Ella Fitzgerald...Great Lady, Grand Duchess of Jazz
Essential Jazz Feature
Recipient of Los Angeles Times Award
"Ella Fitzgerald...is a singer's singer. Her control is sure, her notes are clear, her pitch is precise...Her rhythm is impeccable. And she swings. She can improvise and her final chorus or so may give impressions of a gleeful abandon. Ella Fitzgerald is the public's singer. She packs them in at the record shops, auditoriums and night clubs...Hers is the stuff of joy, a joy that is profound and ever replenished--perhaps from the self-discovery that, for all her equipment, she is absolutely incapable of holding anything back."
Martin Williams, Jazz Heritage
Ella Fitzgerald was fondly called the First Lady of Song and the First Lady of Swing by her fans.

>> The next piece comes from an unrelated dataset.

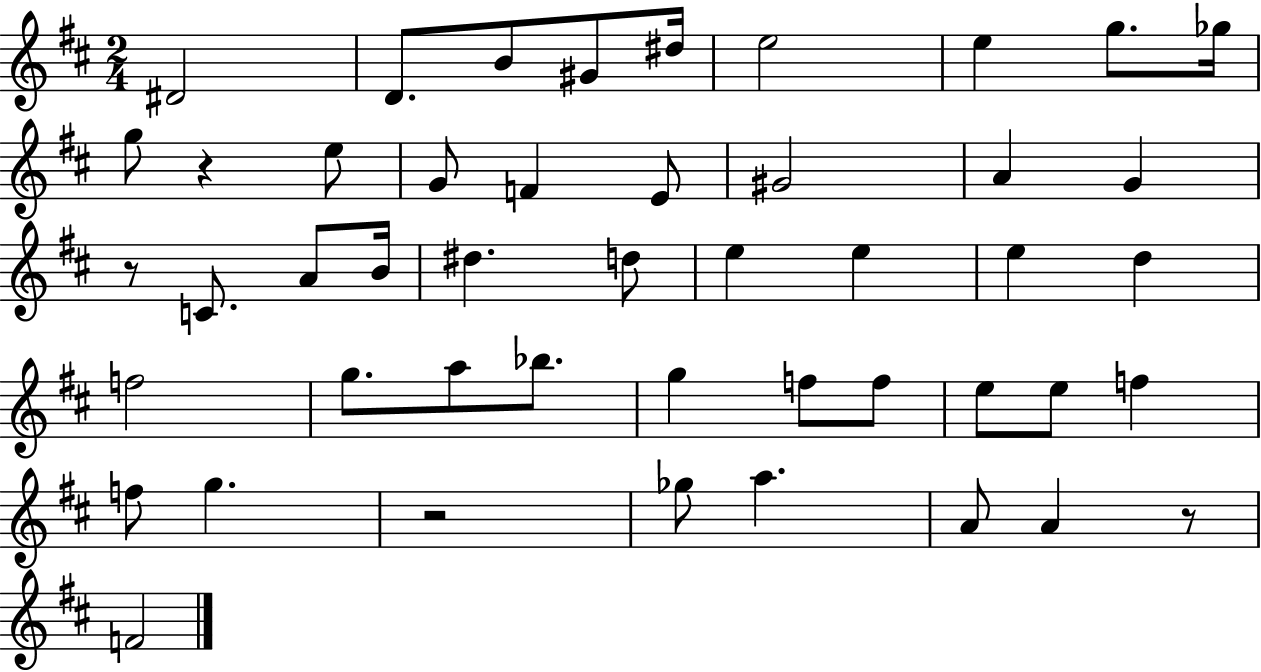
D#4/h D4/e. B4/e G#4/e D#5/s E5/h E5/q G5/e. Gb5/s G5/e R/q E5/e G4/e F4/q E4/e G#4/h A4/q G4/q R/e C4/e. A4/e B4/s D#5/q. D5/e E5/q E5/q E5/q D5/q F5/h G5/e. A5/e Bb5/e. G5/q F5/e F5/e E5/e E5/e F5/q F5/e G5/q. R/h Gb5/e A5/q. A4/e A4/q R/e F4/h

Ella was more...she was the reigning grand duchess...and the greatest jazz diva.
Ella Jean Fitzgerald was born April 25, 1918 in Newport News, Virginia. Her parents passed when she was very young. Ella's first love was dance. At the age of 16, she entered a talent contest at the Harlem Opera, which was as hard on amateur contestants as the noted Apollo Theater has always been. When Ella went on stage she was so nervous she couldn't dance. So, not wanting the audience to chase her off stage, she started singing. The audience loved it and awarded her a $25 prize. From then on Ella concentrated on pursuing a singing career.
Ella was a gifted, one-of-a-kind, once in a life time unique talent. She made her debut with drummer Chick Webb who, along with his wife Sally, became her legal guardians. Ella's first recording in 1935 was "Love and Kisses." She quickly became a favorite with jazz fans who loved her seemingly effortless perfect pitch, control and harmony. In 1937 Ella won the Down Beat magazine poll as the Best Female Vocalist of the year.

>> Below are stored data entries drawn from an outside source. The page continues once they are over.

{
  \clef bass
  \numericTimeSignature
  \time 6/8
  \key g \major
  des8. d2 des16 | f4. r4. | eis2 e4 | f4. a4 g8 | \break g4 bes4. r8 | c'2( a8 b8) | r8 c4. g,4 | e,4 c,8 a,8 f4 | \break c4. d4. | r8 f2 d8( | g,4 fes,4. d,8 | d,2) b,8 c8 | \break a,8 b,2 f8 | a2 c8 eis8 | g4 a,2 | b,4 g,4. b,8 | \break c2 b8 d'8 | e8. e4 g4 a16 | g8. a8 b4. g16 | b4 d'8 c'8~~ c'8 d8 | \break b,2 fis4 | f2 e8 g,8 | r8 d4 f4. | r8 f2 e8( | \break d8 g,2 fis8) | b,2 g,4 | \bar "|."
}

At the age of 20, Ella's groovy, swinging version of the nursery rhyme "A-Tisket, A-Tasket," catapulted her into the national spotlight. In 1939, when Chick Webb passed, Ella became leader of the band which was known as Ella Fitzgerald and Her Orchestra. During the two years she led the band, she was received enthusiastically when she toured the country. And, her appointment as bandleader was a testament to her stature as a musical talent, to her musical and leadership abilities, and to the respect her fellow musicians had for her.
Ella, a jazz vocalist, composer, arranger and musician of the highest caliber, was always exploring, seeking to expand her creative horizon. So, it was not surprising that Ella was immediately attracted to bebop, and joined Dizzy Gillespie's band. Dizzy was a bebop pioneer of the finest order. With him Ella developed scat, a singing method--originally created by Louis Armstrong--a vocal equivalent of instrumentation, of using her voice like a trumpet and saxophone.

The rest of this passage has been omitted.